When you have finished, your directory structure should look like this (assuming you have cloned afar, geez, and yemsa):

   ~/ 
   |-aama-data/
   |--data/
   |---afar/ afar.json, afar.ttl 
   |---geez/ geez.json, geez.ttl	
   |---yemsa/ yemsa.json, yemsa.ttl
   |-jena/
   |--apache-jena-fuseki-n.n.n/ aamaconfig.ttl, . . .	
   |-webappy/ pdgmDict-schemata.py, . . . ,  pdgmDisp-baseApp.py, . . .
   |---bin: fuseki.sh, . . . list-graphs.rq, . . .

3. Configuring Appication

3.1 Prepare data lists and indices

The schemata and lexemes sections of the downloaded json files can be transformed to RDF and incorporated innto the datastore as is. However if any chages are made to the property, value, or lexeme inventories, the relevant pdgmDict scripts should be run. the pdgmDict-pvlist script must be run when a language-file is first incorporatd into the datastore in order to generate a pick-list of paradigms.
1. pdgmDict-schemata.py
  This script generates a json property:value-list dictionary pvlists/[LANG]-schemata.json to be substituted into the [LANG]-pdgms.json file every time a property or value is added or changed in any way. It also generates a more succinct version of the schemata dictionary, pvlists/[LANG]-pdgm-PVN.txt, which is used in the basic paradigm display, along with the current value of the pdgmPropOrder variable from the [LANG]-pdgms.json file, and which determines the order of the properties whose values constitute the paradigm 'name'.
2. pdgmDict-lexemes.py
  The lexemes associated with paradigms in the LANG-pdgms.json (and corresponding LANG-pdgms.ttl) files are identified by a lexemeID which could in principle be any arbitrary alphanumeric symbol sequence, but which in practice and for memnonic convenience are lower-ascii approximations of the lexeme's lemma.
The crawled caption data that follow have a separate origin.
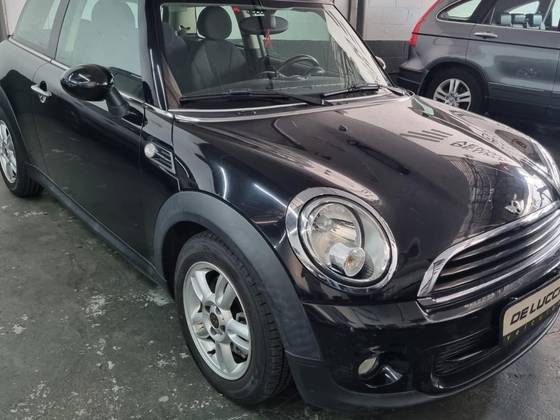 MINI ONE 1.6 16V GASOLINA 2P AUTOMÁTICO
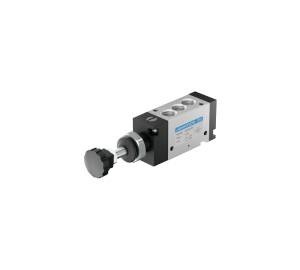 DS2 - 5/2 Push Pull Operated with Detent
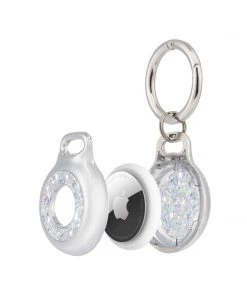 Case-Mate AirTag Keychain Ring (Twinkle Stardust) - AirTag Case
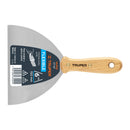 Espatula Flexible Mango de Madera Truper 6"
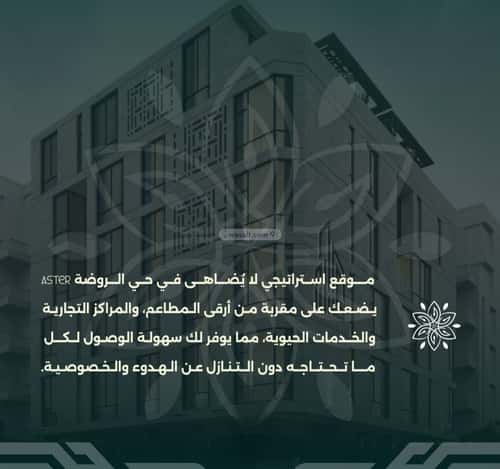 Apartment 524.5 SQM with 4 Bedrooms Al Rawdhah, North Jeddah, Jeddah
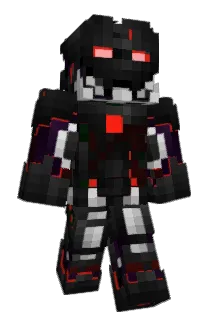 JerrMan Minecraft avatar full body
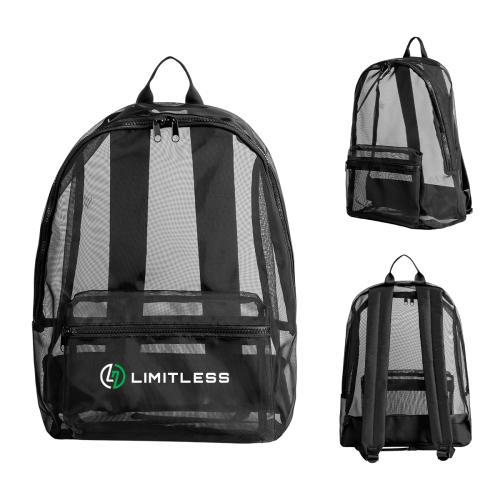 Bags - Backpacks - Nylon & Polyester - BreezeMesh Nylon Eco Backpack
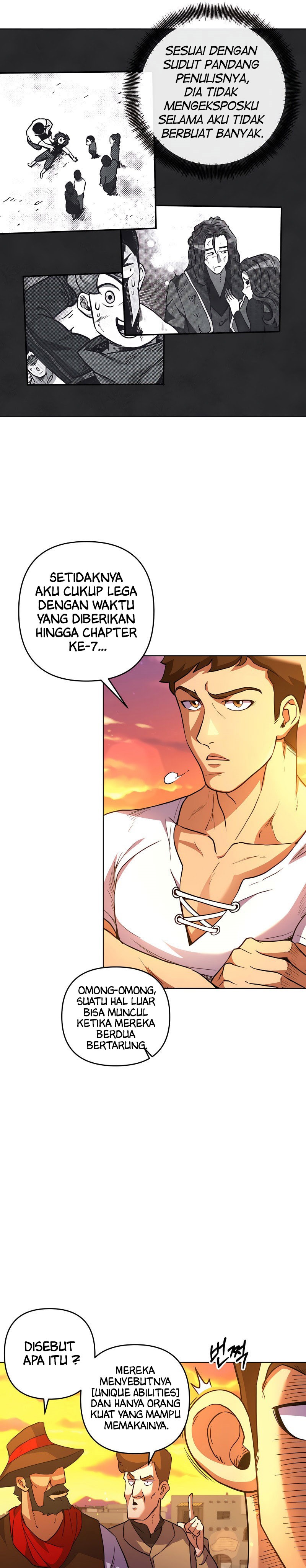 Surviving In An Action Manhwa Chapter 5 - halaman 22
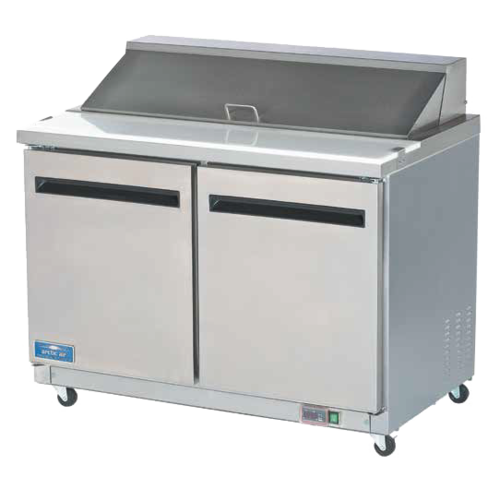 Arctic Air, Mega Top Sandwich / Salad Preparation Refrigerator, AMT48R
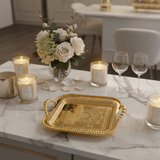 Pilsco Gold Metal Square Serving Tray - 30×30cm - Al Kabayel Discount CentrePilsco Gold Metal Square Serving Tray - 30×30cmServing TraysPILSCOAl Kabayel Discount Centre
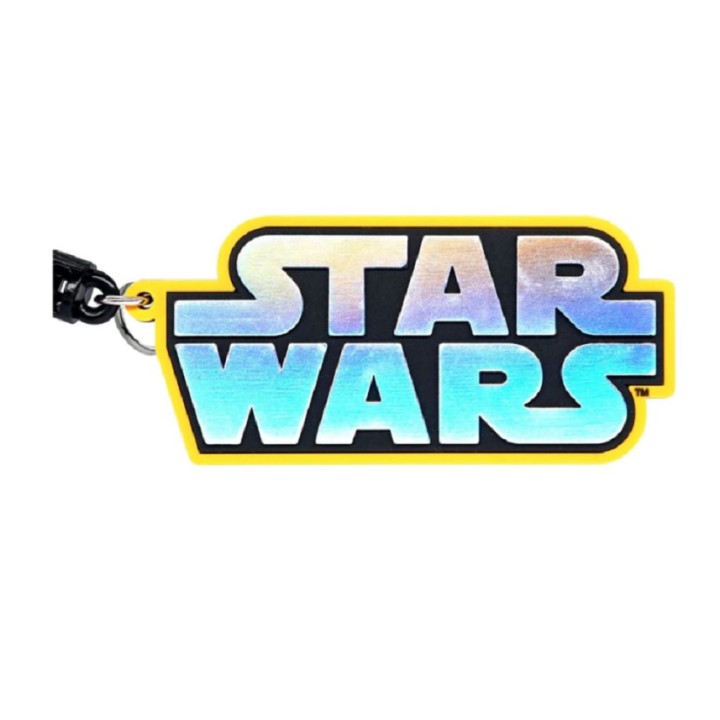 Llavero suave Star Wars logo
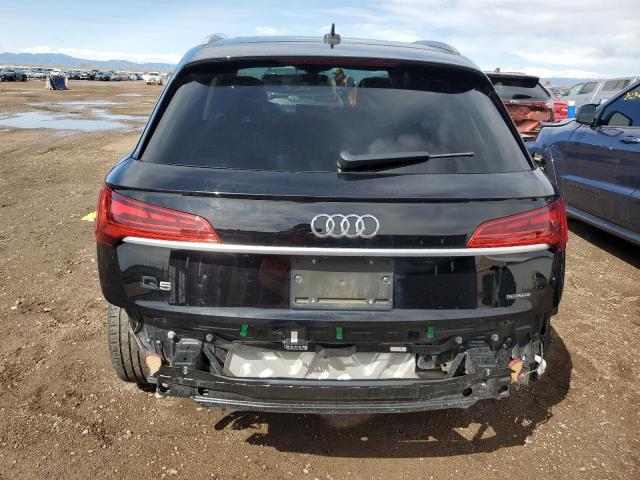  AUDI Q5 2021 Черный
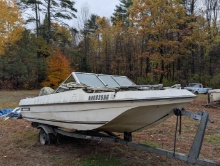 1981? 4Winns 15' Catalina Brougham Power Boat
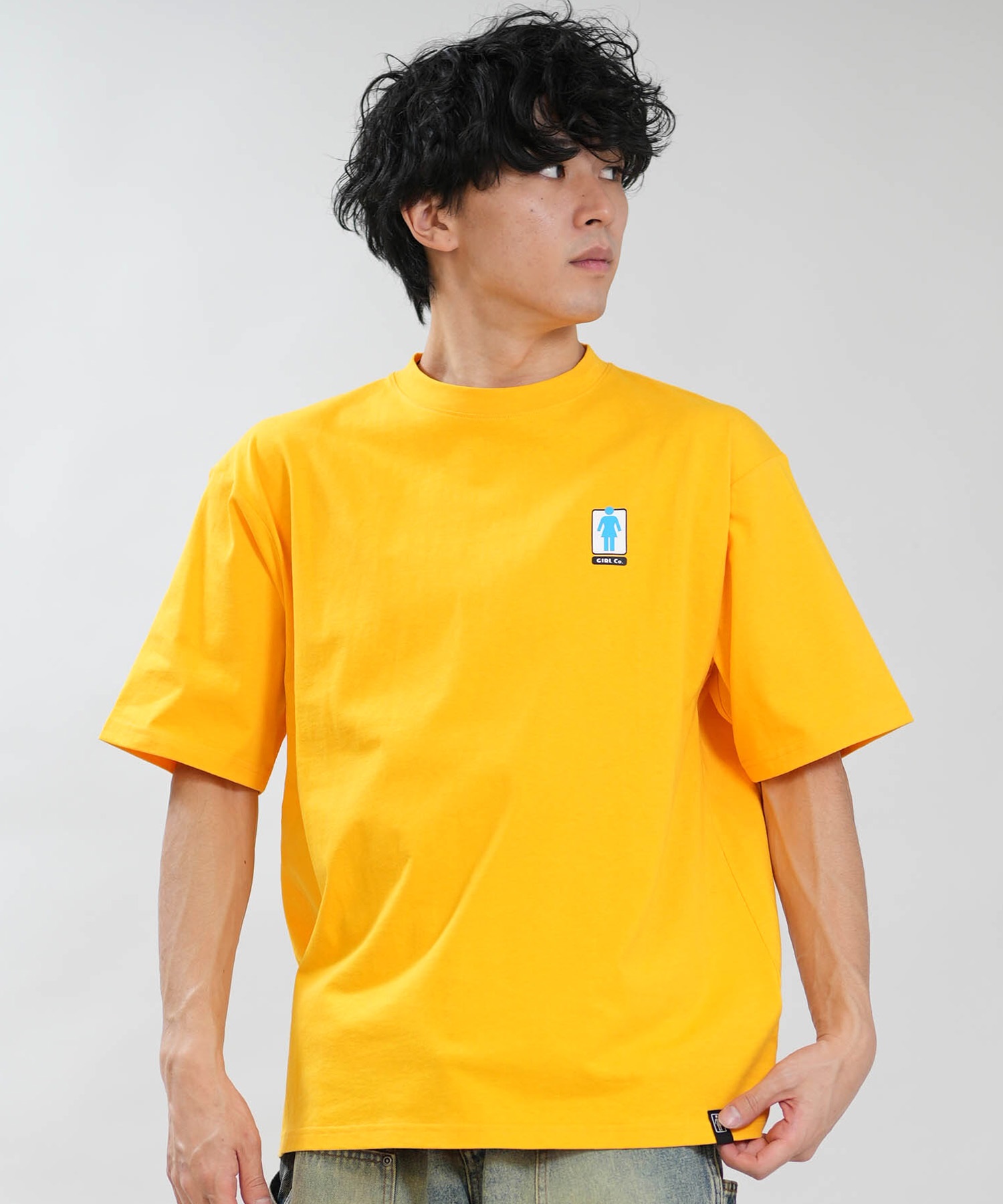 アミパリス Tシャツ イエロー 新品タグ付き】アミパリス ロゴ Tシャツ S イエロー 正規品 - メルカリ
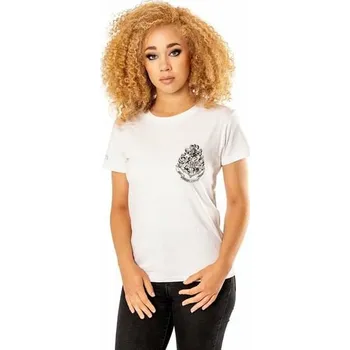 Karnevalový doplněk CID - Tričko s erbem Bradavice pro ženy - Harry Potter - M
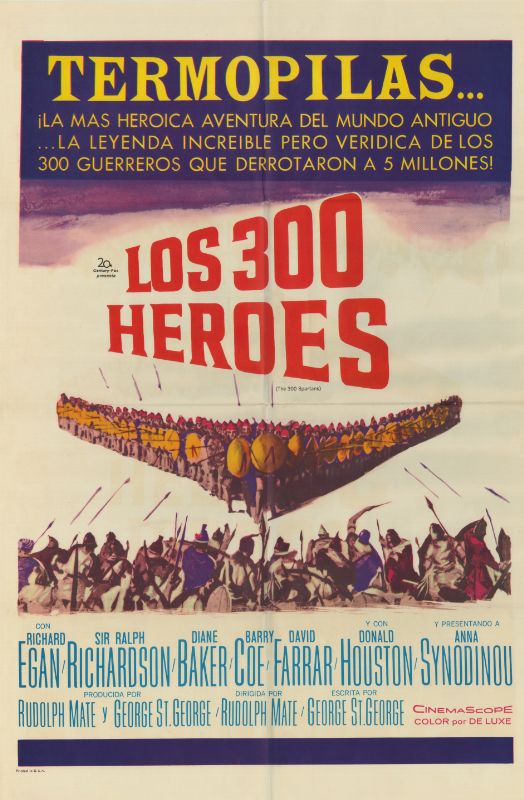 Affiche - BATAILLE DES THERMOPYLES (la) - 70x105cm
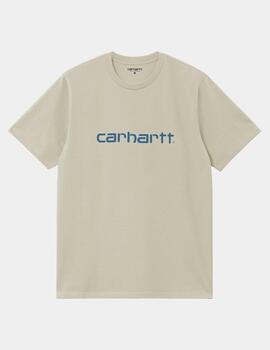 Camiseta CARHARTT SCRIPT - Beryl / Sorrent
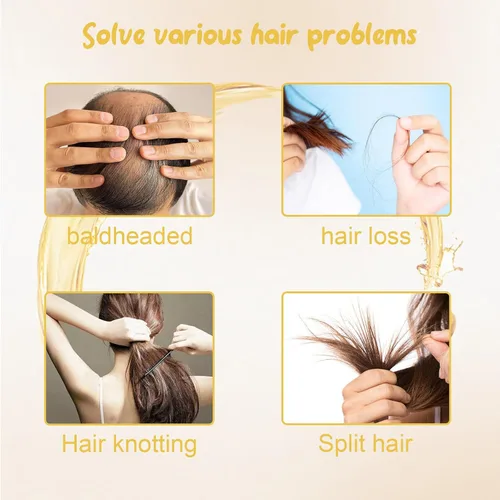 Miniatura 4 de Champú de aceite de Batana,Aceite de batana para el crecimiento del cabello,Champú DeBatana Para La Caida Del Cabello,Champús contra la pérdida
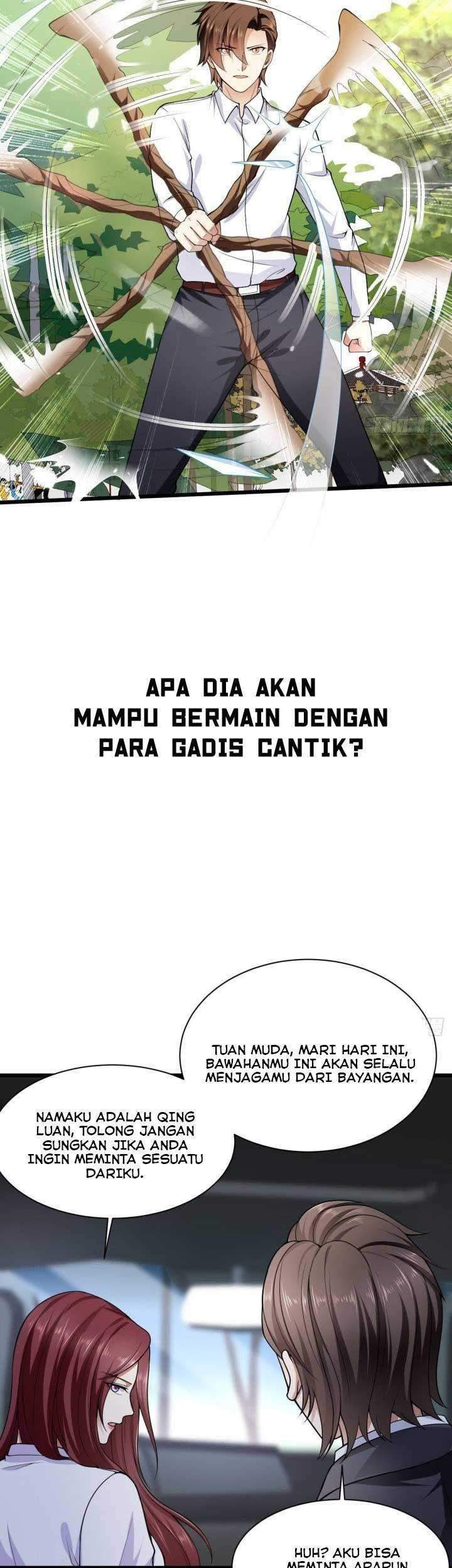 Is Not Easy To Provoke The Second Master Chapter 0 - halaman 14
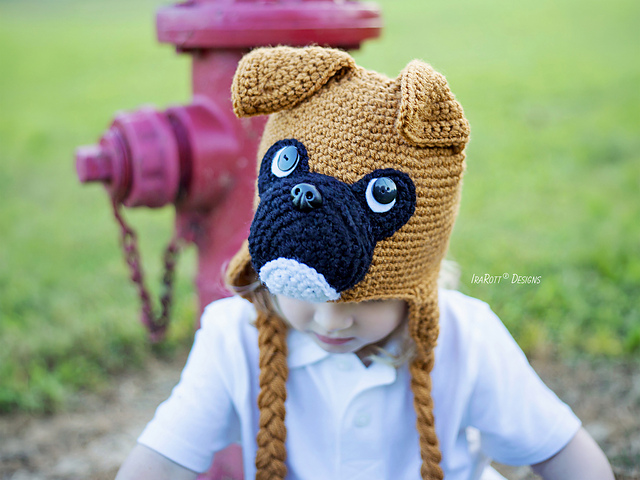 Duncan the Boxer Hat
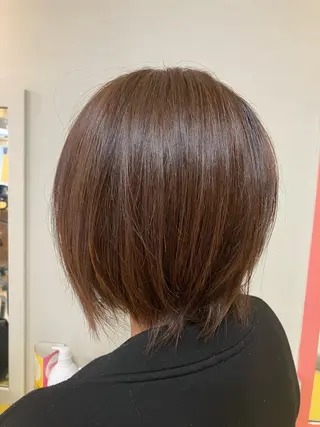 ミディアム 横田 尚登のヘアスタイル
This script, in conjunction with pdgmDict-lexCheck.py and pdgmDict-lexRev.py, generates a lexemes section consisting of dummy lexeme entries (e.g., lemma = '[x]', gloss = '[y]') for every lexemeID. This 'lexemes' section must be subsequently filled out by hand (or in an ideal case be linked programmatically with a digital lexicon of the language in question).
3. pdgmDict-pvlists.py
  This script generates a file each paradigm, consisting of a comma-separated list of the values of each of the morphological properties enumerated in the common section of the term cluster - thus uniquely identifying each paradigm within the language, and, with the addition of a language designation, within the whole AAMA paradigm corpus. It also generates two db files, pvlists/[LANG]-pdgmdb.db and pvlists[LANG]-labldb.db, which link each paradigm 'name' respectively with a full 'property:value' list and a paradigm 'label' more-or-less arbitrarily assigned to the paradigm when the json file was first created.
3.2 Generate RDF data from morphological data files

In order to convert JSON-format data files to TTL ("turtle" -- a more easily human-readable RDF format), you will use the pdgmDict-json2ttl.py file in the webappy directory. The aama-datastore-update.sh shell script will call aama-ttl2fuseki.sh which in turn will convert the .ttl file to the rdf-xml which is needed for uploading to the Fuseki SPARQL service.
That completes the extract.